Data in this exercise below:

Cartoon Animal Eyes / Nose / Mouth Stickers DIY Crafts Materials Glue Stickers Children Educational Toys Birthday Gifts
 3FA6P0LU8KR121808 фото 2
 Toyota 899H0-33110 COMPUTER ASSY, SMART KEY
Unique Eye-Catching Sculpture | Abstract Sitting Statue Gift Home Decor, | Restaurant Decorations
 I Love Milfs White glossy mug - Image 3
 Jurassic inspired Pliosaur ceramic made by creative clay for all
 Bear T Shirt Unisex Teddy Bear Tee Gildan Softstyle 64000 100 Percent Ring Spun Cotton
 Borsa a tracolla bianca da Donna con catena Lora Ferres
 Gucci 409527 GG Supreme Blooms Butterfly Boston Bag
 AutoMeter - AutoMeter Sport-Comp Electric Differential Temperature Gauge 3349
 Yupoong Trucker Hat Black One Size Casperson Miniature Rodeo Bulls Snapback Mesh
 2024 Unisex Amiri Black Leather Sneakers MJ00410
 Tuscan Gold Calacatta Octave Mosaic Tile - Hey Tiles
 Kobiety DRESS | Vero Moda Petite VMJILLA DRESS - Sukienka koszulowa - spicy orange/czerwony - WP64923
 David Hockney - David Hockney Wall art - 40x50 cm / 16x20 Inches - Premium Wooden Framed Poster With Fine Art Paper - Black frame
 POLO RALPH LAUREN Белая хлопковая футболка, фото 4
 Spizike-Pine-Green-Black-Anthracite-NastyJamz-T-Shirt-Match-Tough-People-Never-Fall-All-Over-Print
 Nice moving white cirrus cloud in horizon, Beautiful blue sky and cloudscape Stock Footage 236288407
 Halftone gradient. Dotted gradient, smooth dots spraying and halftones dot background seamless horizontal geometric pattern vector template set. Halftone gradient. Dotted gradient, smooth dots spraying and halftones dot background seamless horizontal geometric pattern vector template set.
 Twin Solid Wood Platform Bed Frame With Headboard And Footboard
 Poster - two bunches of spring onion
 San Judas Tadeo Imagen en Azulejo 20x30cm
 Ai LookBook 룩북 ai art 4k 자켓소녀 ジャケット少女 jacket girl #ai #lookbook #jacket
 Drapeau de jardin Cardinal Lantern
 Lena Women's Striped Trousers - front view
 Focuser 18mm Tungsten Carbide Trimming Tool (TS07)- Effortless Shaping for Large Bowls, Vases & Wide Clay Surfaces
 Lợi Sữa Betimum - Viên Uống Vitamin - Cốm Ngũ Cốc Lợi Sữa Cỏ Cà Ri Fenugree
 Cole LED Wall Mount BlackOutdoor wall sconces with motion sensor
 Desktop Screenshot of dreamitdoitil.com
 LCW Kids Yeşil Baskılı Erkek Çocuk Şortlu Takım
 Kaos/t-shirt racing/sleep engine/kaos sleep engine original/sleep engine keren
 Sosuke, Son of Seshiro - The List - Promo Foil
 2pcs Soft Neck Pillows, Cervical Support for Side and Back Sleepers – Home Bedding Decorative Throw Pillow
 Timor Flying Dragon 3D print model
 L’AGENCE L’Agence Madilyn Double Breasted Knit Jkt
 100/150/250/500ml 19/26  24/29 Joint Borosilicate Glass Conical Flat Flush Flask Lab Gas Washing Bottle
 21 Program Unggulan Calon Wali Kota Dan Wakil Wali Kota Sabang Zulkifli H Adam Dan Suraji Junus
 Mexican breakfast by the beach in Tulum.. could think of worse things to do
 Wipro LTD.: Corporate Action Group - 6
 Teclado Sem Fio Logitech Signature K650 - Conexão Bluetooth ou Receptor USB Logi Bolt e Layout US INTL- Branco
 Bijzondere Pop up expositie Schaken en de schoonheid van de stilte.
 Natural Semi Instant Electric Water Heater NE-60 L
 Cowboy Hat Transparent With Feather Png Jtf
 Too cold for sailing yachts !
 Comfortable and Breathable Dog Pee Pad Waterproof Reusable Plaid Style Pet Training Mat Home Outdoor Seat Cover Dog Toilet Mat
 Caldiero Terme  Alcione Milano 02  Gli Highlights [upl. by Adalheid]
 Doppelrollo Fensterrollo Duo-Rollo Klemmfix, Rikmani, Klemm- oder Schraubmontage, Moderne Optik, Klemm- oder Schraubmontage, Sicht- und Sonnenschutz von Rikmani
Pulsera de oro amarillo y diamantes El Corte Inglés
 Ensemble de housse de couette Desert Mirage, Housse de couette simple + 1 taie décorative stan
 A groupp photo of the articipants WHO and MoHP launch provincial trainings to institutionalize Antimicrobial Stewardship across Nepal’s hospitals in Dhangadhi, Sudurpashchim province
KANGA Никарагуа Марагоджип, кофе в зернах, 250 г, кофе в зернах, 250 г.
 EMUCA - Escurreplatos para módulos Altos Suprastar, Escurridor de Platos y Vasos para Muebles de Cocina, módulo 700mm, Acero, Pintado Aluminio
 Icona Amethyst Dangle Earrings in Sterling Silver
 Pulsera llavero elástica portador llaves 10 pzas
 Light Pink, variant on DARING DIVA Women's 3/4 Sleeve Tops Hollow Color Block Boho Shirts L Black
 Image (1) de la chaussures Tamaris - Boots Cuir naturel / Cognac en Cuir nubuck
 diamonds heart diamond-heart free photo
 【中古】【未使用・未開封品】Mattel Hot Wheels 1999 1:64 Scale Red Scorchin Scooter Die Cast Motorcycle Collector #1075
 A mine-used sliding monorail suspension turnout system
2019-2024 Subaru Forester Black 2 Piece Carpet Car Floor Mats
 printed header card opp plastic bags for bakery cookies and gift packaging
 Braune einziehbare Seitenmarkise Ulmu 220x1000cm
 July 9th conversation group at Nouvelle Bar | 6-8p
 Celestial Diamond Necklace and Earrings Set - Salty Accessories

End of Data in this exercise.

Look for the string "Pulsera" in the data above and return every line that has it.

Pulsera de oro amarillo y diamantes El Corte Inglés
 Pulsera llavero elástica portador llaves 10 pzas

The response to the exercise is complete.